▸ Task objective: Every line of the material is to be transcribed verbatim, with images omitted.
==== Material provided ====
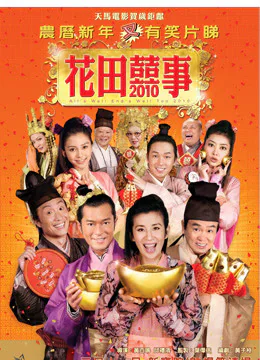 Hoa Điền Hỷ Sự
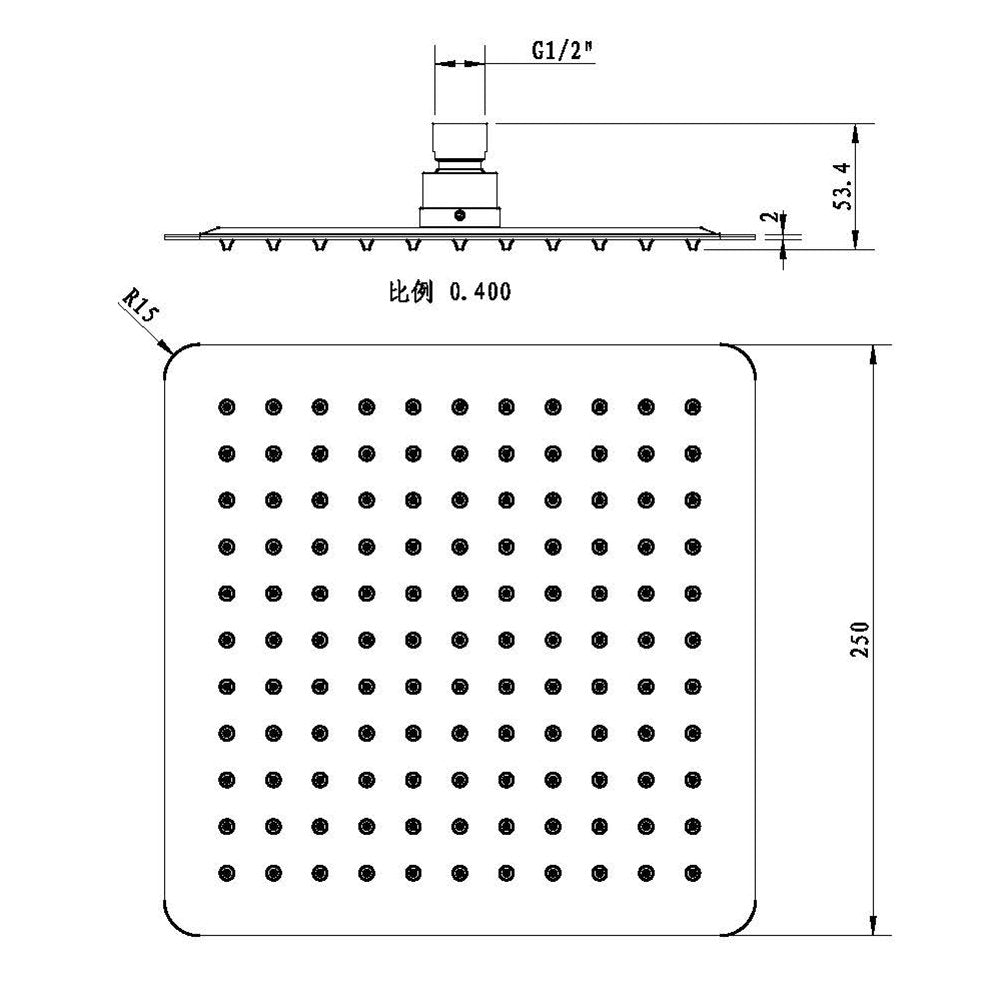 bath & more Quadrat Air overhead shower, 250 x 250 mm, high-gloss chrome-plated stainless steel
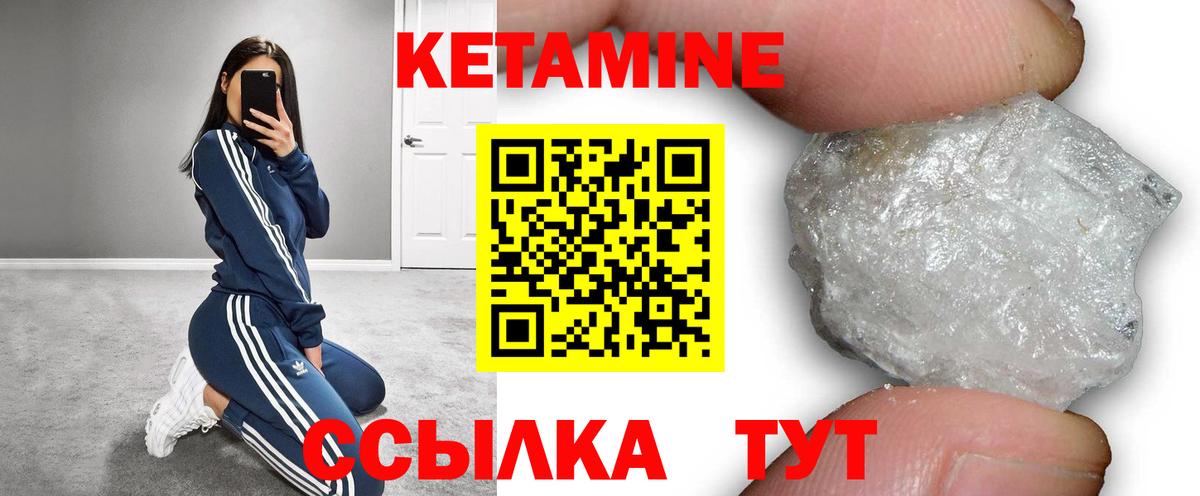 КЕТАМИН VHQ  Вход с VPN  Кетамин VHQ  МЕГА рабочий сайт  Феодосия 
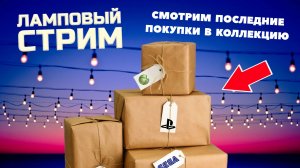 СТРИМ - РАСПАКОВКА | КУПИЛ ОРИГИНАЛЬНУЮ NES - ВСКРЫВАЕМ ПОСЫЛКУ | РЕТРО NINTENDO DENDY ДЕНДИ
====
▸ Task answer:
 Hoa Điền Hỷ Sự
 bath & more Quadrat Air overhead shower, 250 x 250 mm, high-gloss chrome-plated stainless steel
 КЕТАМИН VHQ  Вход с VPN  Кетамин VHQ  МЕГА рабочий сайт  Феодосия 
 СТРИМ - РАСПАКОВКА | КУПИЛ ОРИГИНАЛЬНУЮ NES - ВСКРЫВАЕМ ПОСЫЛКУ | РЕТРО NINTENDO DENDY ДЕНДИ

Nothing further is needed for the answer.